Please consider reporting any bugs in the Head-r software not listed below via the CPAN RT, https://rt.cpan.org/Public/Dist/Display.html?Name=head-r. The bugs in this documentation should be reported to the respective Wikibooks Talk page – or you may actually fix them yourself!

As for any other automatic retrieval tool, it isn’t impossible to abuse Head-r to cause excessive load on third-party servers. The user is advised to consider the network environment when using the tool, and especially when lowering the --wait= setting, and raising the maximum recursion --depth= beyond reasonable values.

There’s currently no way to disable the /robots.txt file processing.

The code only tries to retrieve URIs from content marked with text/html media type, even though it seems as if the support for application/xhtml+xml (and perhaps several other XML-based types, such as SVG) could be implemented rather easily.

The resource to retrieve URIs from is first loaded into memory, while it should be possible to process it on-the-fly.

The handling of recursion depths retrieved from --input= files may be somewhat unintuitive, and out of the user’s control. (Although it’s still possible to edit such files using third-party tools, such as AWK.)

The code implements a trivial work-around for the long-standing Net::HTTP bug #29468.

Availability

edit

The latest stable version of the code is available from CPAN. Check, for instance, the respective Metacpan page at https://metacpan.org/release/head-r.

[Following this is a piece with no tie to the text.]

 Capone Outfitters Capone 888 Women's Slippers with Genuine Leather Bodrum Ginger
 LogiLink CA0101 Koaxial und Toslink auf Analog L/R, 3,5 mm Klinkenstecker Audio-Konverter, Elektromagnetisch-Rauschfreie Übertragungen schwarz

The latest development version could be downloaded from a Git repository, like:

$ git clone -- \
      http://am-1.org/~ivan/archives/git/head-r-2013.git/ head-r 

A Gitweb interface is available at http://am-1.org/~ivan/archives/git/gitweb.cgi?p=head-r-2013.git.

Author

edit

Head-r is written by Ivan Shmakov.

Head-r is free software: you can redistribute it and/or modify it under the terms of the GNU General Public License as published by the Free Software Foundation, either version 3 of the License, or (at your option) any later version.

This documentation is a free collaborative project going on at Wikibooks, and is available under the Creative Commons Attribution/Share-Alike License (CC BY-SA) version 3.0.